Martin Carr reviews the eleventh episode of Preacher season 2…
Disharmony is rife amongst our collective gang of miscreants as we creep closer to a season finale. Cassidy, Jesse, Tulip and company stand apart but remain together in an episode which sees things return to normal. Flashbacks into a past of dubious decisions, emotional conditioning and full immersion tanks riddled with algae bulk out the Custer scrapbook a little more. Meanwhile Hell is ironically looking for a liar and Eugene continues plotting an early exit from this monochrome Cell Block H throwback.
Tongue in cheek irony is abound once more as Herr Starr suffers further indignities and Preacher’s writing room learns from last week. Tasteless religious jokes are replaced with subtle jibes at the futility of prayer, clever ideas surrounding karma and sexual references which skate close to boundaries without crossing over.

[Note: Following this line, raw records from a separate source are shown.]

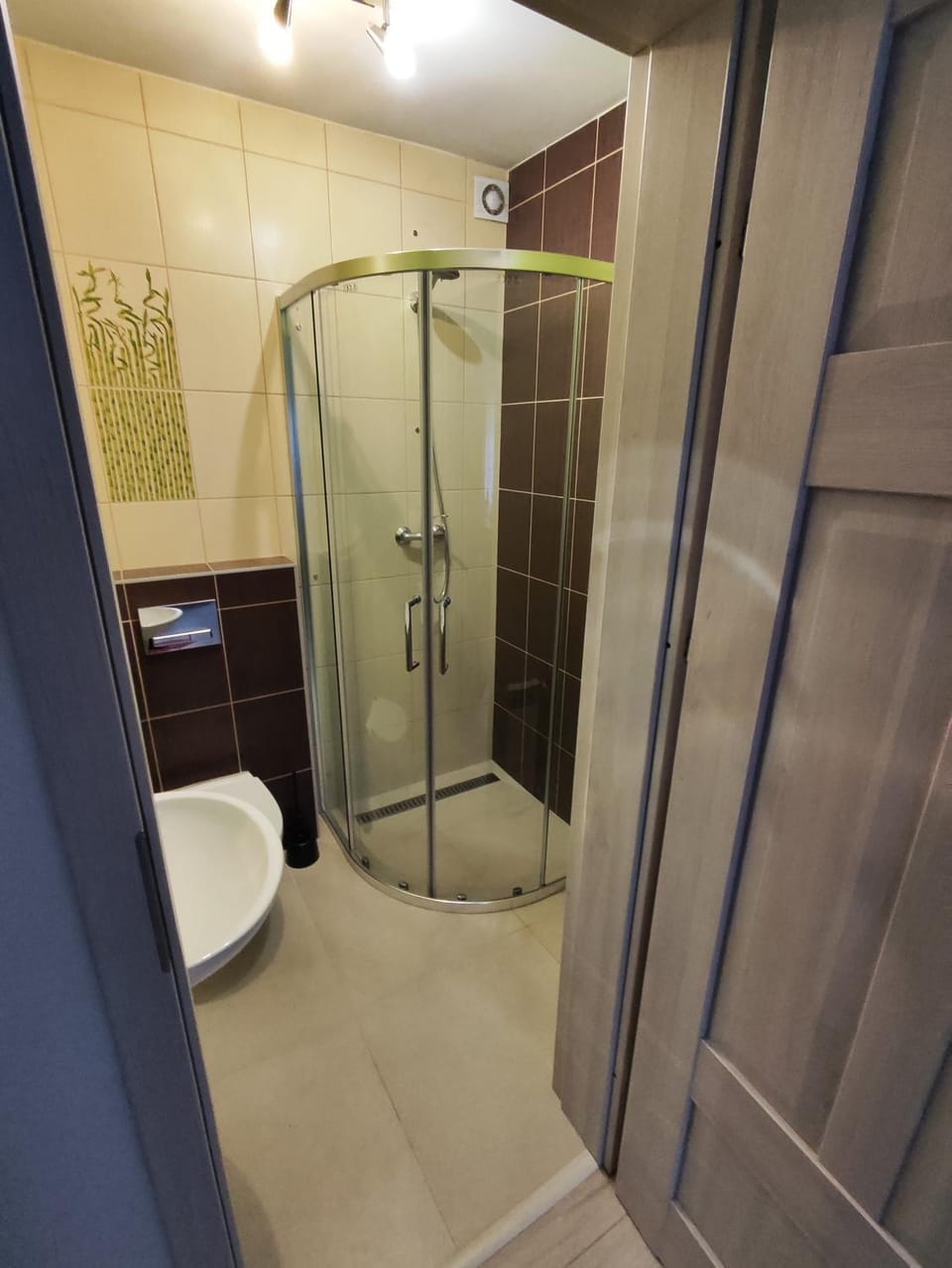 "MAGNOLIA" - Noclegi Pod Górą Żar Apartment in Lesser Poland Voivodeship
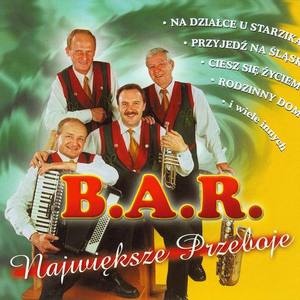 B.A.R.资料,B.A.R.最新歌曲,B.A.R.MV视频,B.A.R.音乐专辑,B.A.R.好听的歌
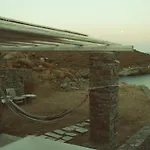 Almyra Yellow Villa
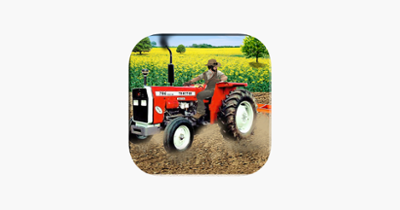 Real Farming Tractor Sim Image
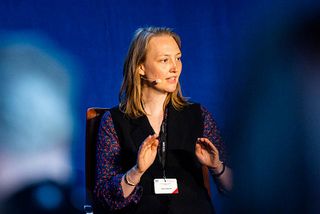 Marie Hammer of Danfoss to lead European VSD group for energy efficiency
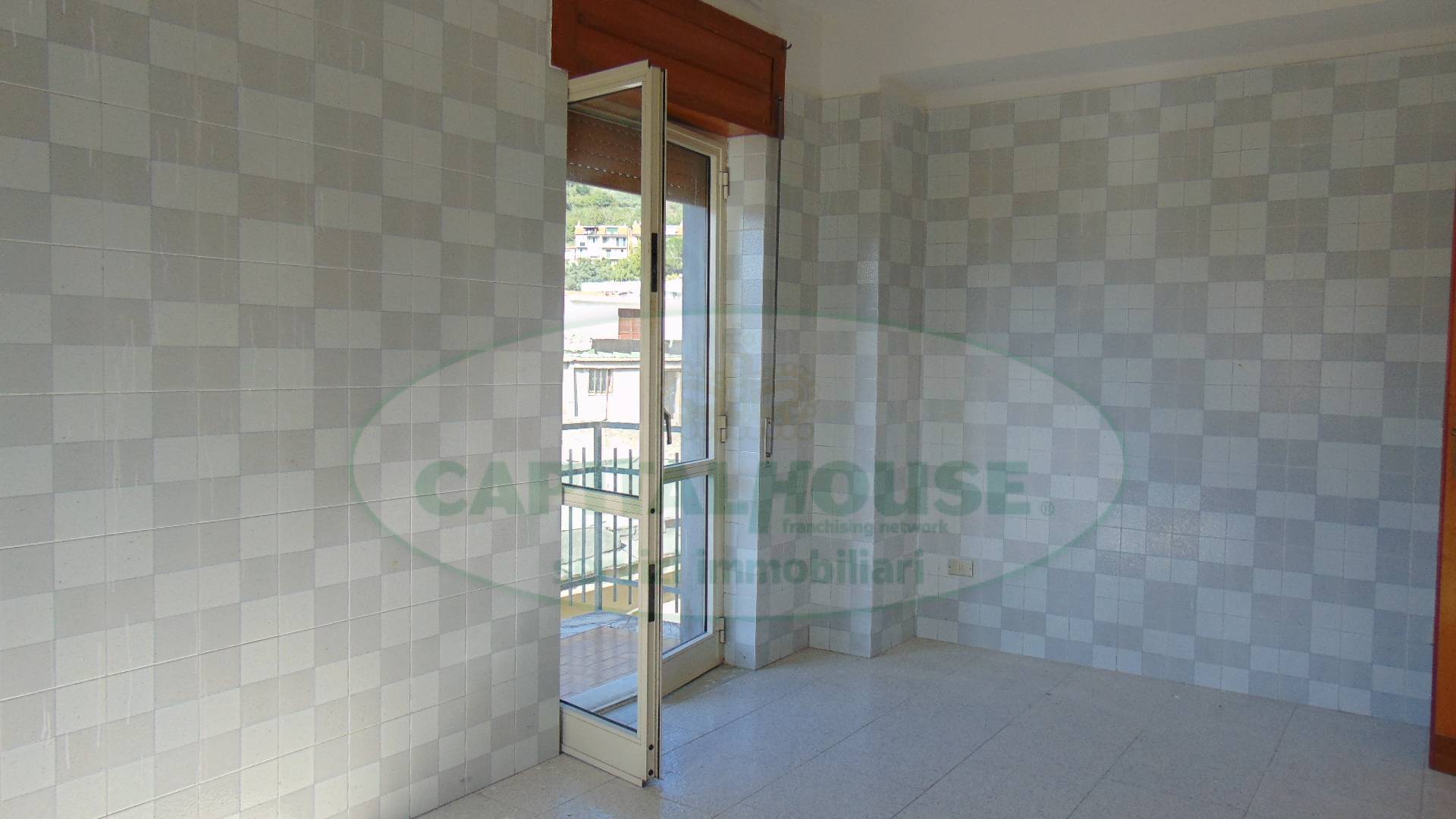 Appartamento in vendita a Sirignano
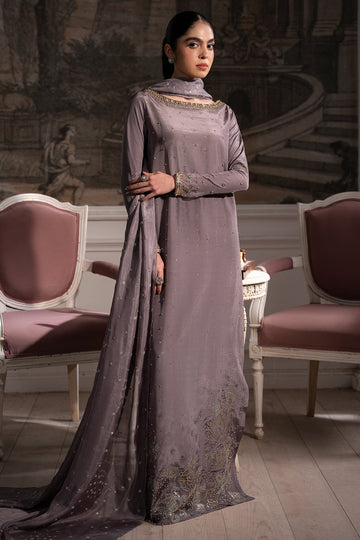 Mina Kashif | Emilie Formals | Manila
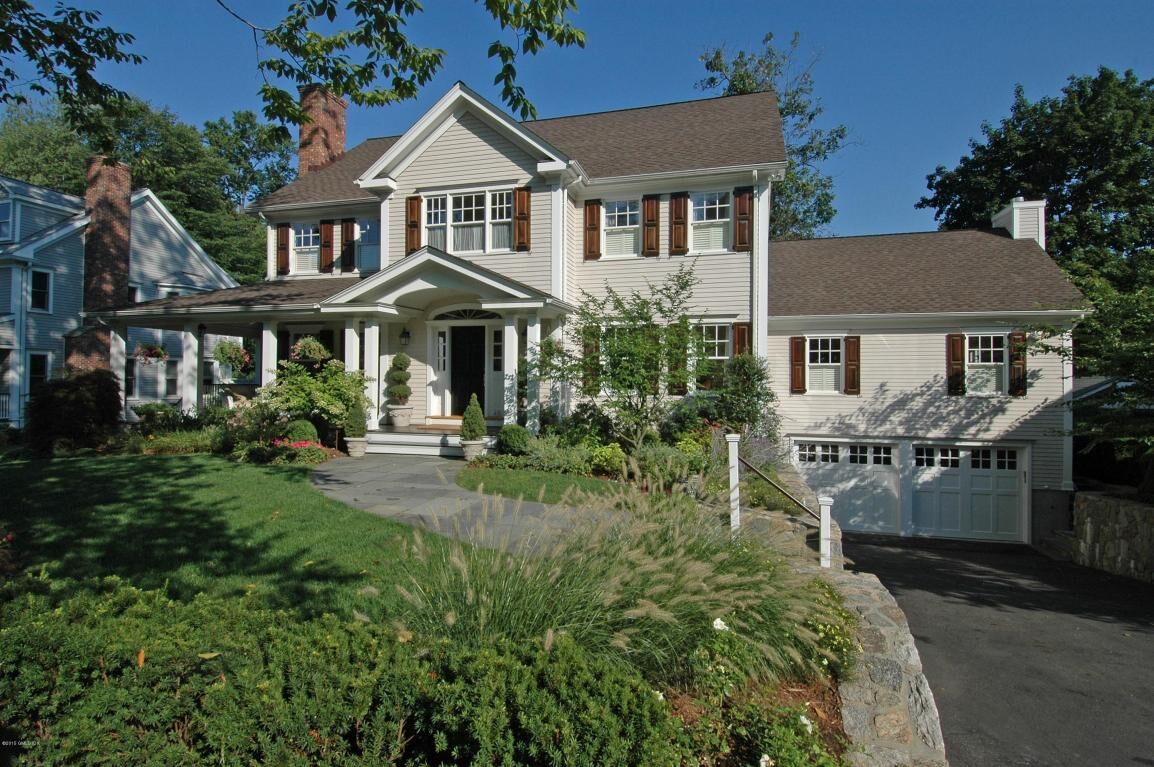 Property Photo: 48 Arcadia Road CT 06870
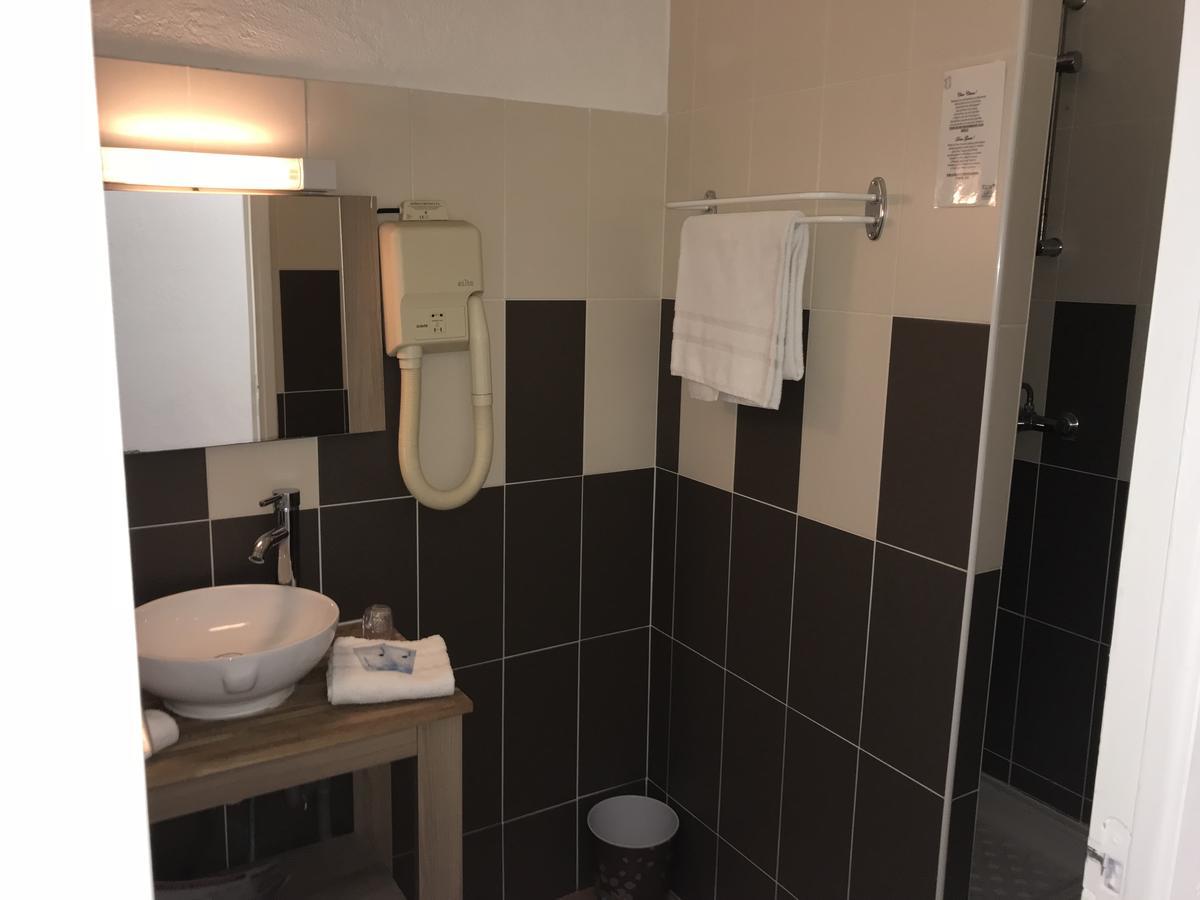 Hotel Aurelia Les Arcs-sur-Argens Εξωτερικό φωτογραφία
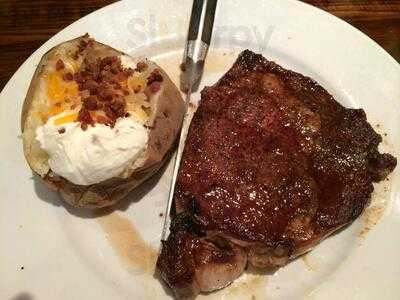 Longhorn Steakhouse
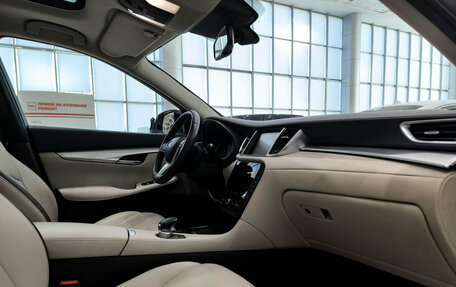 Infiniti QX50 II, 2018 год, 2 790 000 рублей, 15 фотография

Biblical weaponry and the disposal thereof also raise interesting questions of mortal sin, as well as the eradication of wrongdoing through simple allegory. Preacher also suggests but never states outright sexual deviancy as a personal choice of our almighty God. It is a subtle chuck away line delivered amongst others at a crucial tipping point and therefore goes unnoticed by most.
Obsessional behaviour, tested loyalties and tenuous blood ties are all under the microscope as Tulip continues leaning on someone else and pushing Jesse away. Cassidy is increasingly concerned by his son who has become belligerent, arrogant, confrontational and pompous. These are beleaguered personal relationships being slowly lever arched apart by outside parties. Their world currently exists inside a Godless microcosm leaderless, bereft of moral fibre and self-serving in all the ways you fear. Not even Cassidy’s moral compass remains intact as he is being side lined by a bad choice made through loyalty rather than good sense.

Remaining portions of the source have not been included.